22 November 2017
Rates & FX Market Update
Focus To Shift Towards FOMC Minutes
Highlights
¨ Global Markets: The US curve flattened closing below 60bps for the first time since 20017 as short term Treasury yields climbed (2y: 2.1bps) tracking expectations of the likely December rate hike while longer tenors dropped (10y: -1.1bps) as inflation expectations are sluggish. Our anticipated inflation indicator militates against higher price pressures as explained in our previous Strategic Allocator. Janet Yellen speaking in New York acknowledged that the Fed faces a delicate balancing act by managing its dual mandate: avoid a "boom-bust" cycle given the economic expansion and tight labour market while increasing interest rates too fast might send the country in recession. This leaves the Fed to fine tune its policy and can force the FOMC to adopt a more discretionary approach: remain neutral UST.
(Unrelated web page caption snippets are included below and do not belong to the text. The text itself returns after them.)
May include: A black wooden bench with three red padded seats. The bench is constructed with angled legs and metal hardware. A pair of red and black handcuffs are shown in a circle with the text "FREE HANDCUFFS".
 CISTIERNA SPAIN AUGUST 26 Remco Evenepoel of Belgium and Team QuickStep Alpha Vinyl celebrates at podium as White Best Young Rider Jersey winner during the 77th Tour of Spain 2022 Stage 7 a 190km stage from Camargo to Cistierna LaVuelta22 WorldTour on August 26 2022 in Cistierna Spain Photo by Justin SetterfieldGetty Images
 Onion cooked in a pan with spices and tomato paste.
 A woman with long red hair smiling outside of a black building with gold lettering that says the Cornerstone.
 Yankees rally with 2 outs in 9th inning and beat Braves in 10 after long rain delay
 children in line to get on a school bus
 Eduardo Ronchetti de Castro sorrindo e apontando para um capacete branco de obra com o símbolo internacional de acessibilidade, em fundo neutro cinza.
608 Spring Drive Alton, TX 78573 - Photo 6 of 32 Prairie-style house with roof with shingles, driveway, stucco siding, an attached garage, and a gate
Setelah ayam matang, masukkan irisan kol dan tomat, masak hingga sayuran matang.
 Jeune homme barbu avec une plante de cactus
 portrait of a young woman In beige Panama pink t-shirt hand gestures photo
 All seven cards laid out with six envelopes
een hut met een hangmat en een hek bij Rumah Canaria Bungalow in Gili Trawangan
¨ AxJ Markets: In the absence of any economic release in the region, regional markets traded by taking cues from global developments. With a broad Dollar under pressure, Asian currencies closed in positive territory. Malaysian Foreign Reserves will be released today and should the print show continuing improvement, the Ringgit would remain supported, on the way towards 4.10 against the USD, underscoring our constructive and positive outlook on the currency.
¨ The EURUSD pared some of Monday's losses holding above the 1.17 support (close: 1.1772); the risk coming from the short term uncertainty over the German political landscape is likely to be slowly digested by market participants. The recovery on the pair could also be attributed to some weakness in the Dollar as Nafta talks progress and push the Mexican Peso and Canadian Dollar higher as Mexico adopted a rather tough stance against some of the proposals of Trump administration.